From March to June, 3.2 million California students in grades 3 to 8 and grade 11 will take the Smarter Balanced end-of-year tests in math and English language arts. Nearly all will take it online, and the state Department of Education is promising that schools will receive the scores electronically between two and four weeks later. Parents will receive paper copies of the report about a month after that. It will take longer to report the scores of the 2,000 students, mainly from rural schools without adequate technology, who will take the Smarter Balanced test on paper.
Students will receive a score ranging from 2,000 to 3,000, a point system intentionally chosen to differentiate it from what other states have used. The state can choose how to present the results to parents. It could focus on a student’s raw number and emphasize the student’s growth on the scale from grade to grade – something that wasn’t possible with the old state tests. Or it could de-emphasize the raw score while focusing on which of the four performance levels the student achieved. Board members expressed different views.

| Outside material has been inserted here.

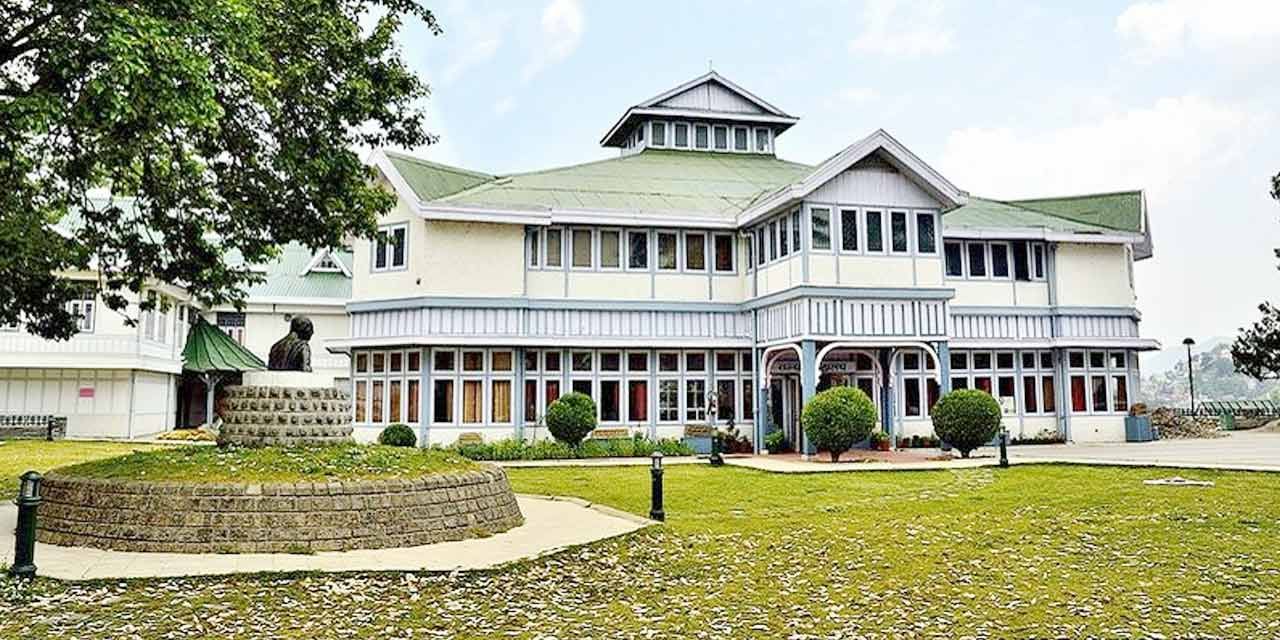 himachal state museum building in shimla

“Scale scores provide a better breakdown,” Kirst said. “We need to get away from the over-focus on (performance) levels.” There’s “nothing magical” about the threshold or cut scores by level; they are imprecise, he said.
But board member Trish Williams said that performance levels provide an easily understandable indicator. Parents need to know how their children performed relative to others, she said.
Still to be determined is whether first-year Smarter Balanced scores will be used to judge schools’ and districts’ performance. The state board suspended the API for 2014-15, and in March, it will decide whether to suspend it again in 2015-16. That’s what the Association of California School Administrators, representing superintendents and principals, and Los Angeles Unified, the state’s largest district, are seeking. They have said that there has not been enough time for teachers and districts to make the transition to the new standards for accountability purposes.
Los Angeles Mayor Eric Garcetti seconded that in a letter sent to the state board this week. “Any use of the spring 2015 (Smarter Balanced) results will give the state an inaccurate picture of student and school performance,” he said.
Doug McRae, a retired standardized testing publisher from Monterey who has consistently questioned Smarter Balanced’s methodology and timetable in testimony before the state board, on Wednesday called for delaying all reporting of this spring’s Smarter Balanced scores until the state has done thorough studies to determine if the performance levels are valid and reliable, as required by state law.
The board has referred the issue of delaying the API scores to two advisory committees, which are to report back in March.